TLM : Sur quel argument porter le diagnostic de dysbiose ?

Dr Jean-Marc Bohbot : Le diagnostic d’une dysbiose peut être envisagé dans différentes situations, lorsque la patiente se plaint d’irritations, de pertes… L’examen clinique donne déjà un certain nombre d’informations. Il permet d’effectuer un prélèvement qui mesure le pH. Celui-ci est normalement compris entre 3,5 et 4,5. En cas de dysbiose, le pH est supérieur ou égal à 5. Il est possible aussi de faire pratiquer une analyse plus précise du prélèvement pour adapter le traitement. Par ailleurs, ces infections liées à une dysbiose ne sont certes pas sexuellement transmissibles, mais les rapports sexuels peuvent en augmenter les symptômes, avec notamment une augmentation des pertes malodorantes et des démangeaisons, du fait d’une réaction avec le sperme.

 

TLM : Comment prévenir les dysbioses vaginales ?

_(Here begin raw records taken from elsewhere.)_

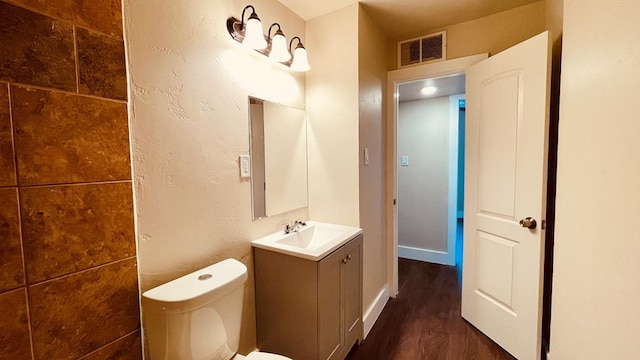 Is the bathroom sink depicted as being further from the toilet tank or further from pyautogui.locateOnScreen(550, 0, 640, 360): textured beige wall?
pyautogui.locateOnScreen(550, 0, 640, 360): textured beige wall

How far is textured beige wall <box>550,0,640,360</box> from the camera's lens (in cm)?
77

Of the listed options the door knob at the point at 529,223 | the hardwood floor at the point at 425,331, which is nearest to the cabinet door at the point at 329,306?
the hardwood floor at the point at 425,331

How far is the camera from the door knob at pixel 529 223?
1.53 m

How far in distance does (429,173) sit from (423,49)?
59.5 inches

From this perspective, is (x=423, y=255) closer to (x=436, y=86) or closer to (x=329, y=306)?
(x=436, y=86)

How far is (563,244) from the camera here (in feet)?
3.92

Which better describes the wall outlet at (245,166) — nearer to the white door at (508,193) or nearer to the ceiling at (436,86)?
the white door at (508,193)

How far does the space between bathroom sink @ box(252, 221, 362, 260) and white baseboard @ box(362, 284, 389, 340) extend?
69 cm

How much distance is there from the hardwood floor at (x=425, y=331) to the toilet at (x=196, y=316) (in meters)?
0.99

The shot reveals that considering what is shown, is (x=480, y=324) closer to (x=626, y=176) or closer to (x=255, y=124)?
(x=626, y=176)

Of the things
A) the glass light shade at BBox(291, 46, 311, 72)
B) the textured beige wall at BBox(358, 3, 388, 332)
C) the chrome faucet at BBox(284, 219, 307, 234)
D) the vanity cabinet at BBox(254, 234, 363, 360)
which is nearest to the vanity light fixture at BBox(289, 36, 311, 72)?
the glass light shade at BBox(291, 46, 311, 72)

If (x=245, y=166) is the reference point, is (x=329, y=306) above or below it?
below

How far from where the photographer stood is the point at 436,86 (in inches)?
107

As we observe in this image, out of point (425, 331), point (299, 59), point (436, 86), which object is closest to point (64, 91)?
point (299, 59) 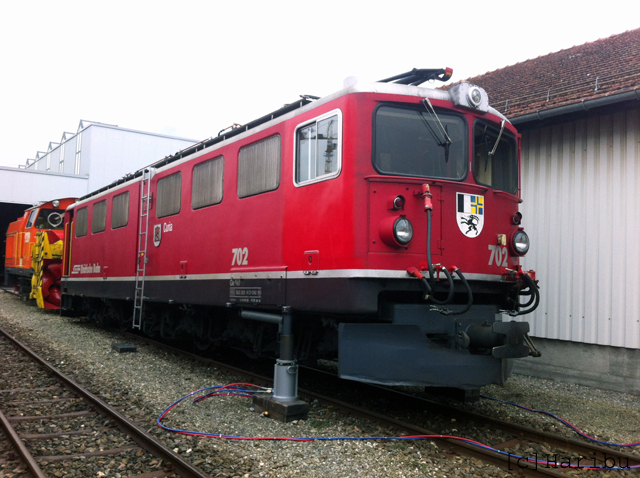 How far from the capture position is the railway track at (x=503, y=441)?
4141 mm

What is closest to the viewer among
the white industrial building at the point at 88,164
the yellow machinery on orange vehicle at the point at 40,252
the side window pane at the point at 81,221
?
the side window pane at the point at 81,221

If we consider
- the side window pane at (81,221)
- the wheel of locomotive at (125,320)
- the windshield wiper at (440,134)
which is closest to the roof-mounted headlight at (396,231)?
the windshield wiper at (440,134)

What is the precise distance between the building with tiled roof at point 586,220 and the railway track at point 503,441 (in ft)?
9.12

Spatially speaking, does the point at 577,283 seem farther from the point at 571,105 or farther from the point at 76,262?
the point at 76,262

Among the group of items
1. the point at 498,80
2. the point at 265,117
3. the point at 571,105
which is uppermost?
the point at 498,80

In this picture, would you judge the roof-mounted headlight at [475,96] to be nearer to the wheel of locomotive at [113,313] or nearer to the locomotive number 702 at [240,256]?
the locomotive number 702 at [240,256]

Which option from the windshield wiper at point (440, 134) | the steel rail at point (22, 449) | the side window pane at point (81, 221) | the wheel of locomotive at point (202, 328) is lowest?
the steel rail at point (22, 449)

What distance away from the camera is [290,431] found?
4.95 m

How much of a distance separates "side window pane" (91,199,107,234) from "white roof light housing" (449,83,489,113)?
26.8 ft

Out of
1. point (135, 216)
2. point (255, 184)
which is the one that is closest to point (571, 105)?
point (255, 184)

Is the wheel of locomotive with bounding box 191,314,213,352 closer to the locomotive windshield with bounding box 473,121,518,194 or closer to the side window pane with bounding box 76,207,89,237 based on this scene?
the locomotive windshield with bounding box 473,121,518,194

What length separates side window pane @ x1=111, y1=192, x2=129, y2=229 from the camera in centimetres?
1001

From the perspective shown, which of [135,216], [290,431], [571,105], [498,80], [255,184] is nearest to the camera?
[290,431]

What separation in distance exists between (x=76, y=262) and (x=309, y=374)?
7770 mm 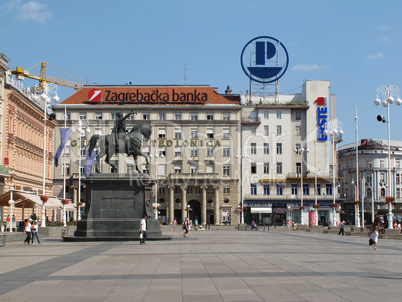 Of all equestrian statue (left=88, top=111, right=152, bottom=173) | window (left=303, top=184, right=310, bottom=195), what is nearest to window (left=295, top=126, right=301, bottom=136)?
window (left=303, top=184, right=310, bottom=195)

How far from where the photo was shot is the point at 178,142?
100m

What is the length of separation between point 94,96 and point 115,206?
216 ft

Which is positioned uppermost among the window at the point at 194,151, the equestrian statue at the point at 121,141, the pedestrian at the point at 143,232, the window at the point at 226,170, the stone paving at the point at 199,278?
the window at the point at 194,151

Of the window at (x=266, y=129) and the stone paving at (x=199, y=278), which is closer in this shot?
the stone paving at (x=199, y=278)

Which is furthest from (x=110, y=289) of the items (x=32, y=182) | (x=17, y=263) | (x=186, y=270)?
(x=32, y=182)

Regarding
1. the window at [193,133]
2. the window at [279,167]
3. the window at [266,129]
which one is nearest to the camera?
the window at [193,133]

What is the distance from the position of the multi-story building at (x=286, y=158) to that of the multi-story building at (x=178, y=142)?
2.94 meters

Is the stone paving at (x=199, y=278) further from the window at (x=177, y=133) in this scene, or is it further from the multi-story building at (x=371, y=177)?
the multi-story building at (x=371, y=177)

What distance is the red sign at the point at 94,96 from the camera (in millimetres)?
99125

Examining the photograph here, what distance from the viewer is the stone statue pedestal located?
118 feet

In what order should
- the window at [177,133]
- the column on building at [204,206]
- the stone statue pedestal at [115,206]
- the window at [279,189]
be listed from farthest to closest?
the window at [279,189] → the window at [177,133] → the column on building at [204,206] → the stone statue pedestal at [115,206]

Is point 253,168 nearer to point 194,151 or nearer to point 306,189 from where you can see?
point 306,189

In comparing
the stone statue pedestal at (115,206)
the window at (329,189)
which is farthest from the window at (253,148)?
the stone statue pedestal at (115,206)

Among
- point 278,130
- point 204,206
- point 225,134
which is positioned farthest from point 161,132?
point 278,130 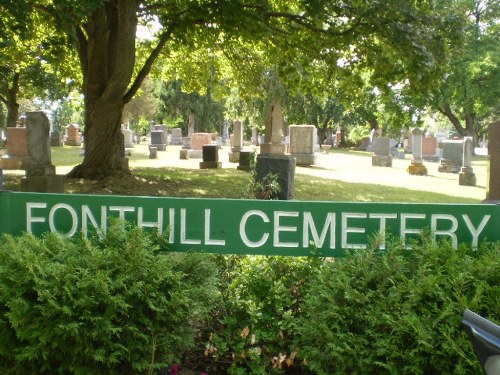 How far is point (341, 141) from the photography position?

Dr Jean-Marc Bohbot : Il faut corriger les facteurs de risque, et en particulier recommander l’arrêt du tabac. Il faut respecter l’hygiène intime, ne pas utiliser des produits antiseptiques, mais uniquement ceux qui protègent le film hydrolipidique de la peau et qui n’altèrent pas le microbiote vulvovaginal. Par ailleurs, lors d’une prescription d’antibiotiques, le médecin peut y associer des probiotiques par voie orale, pendant la durée du traitement et une semaine encore après. Chez certaines patientes présentant des dysbioses à répétition, la mise en œuvre de protocoles de probiotiques par voie orale pendant plusieurs mois permet de rééquilibrer le microbiote vaginal.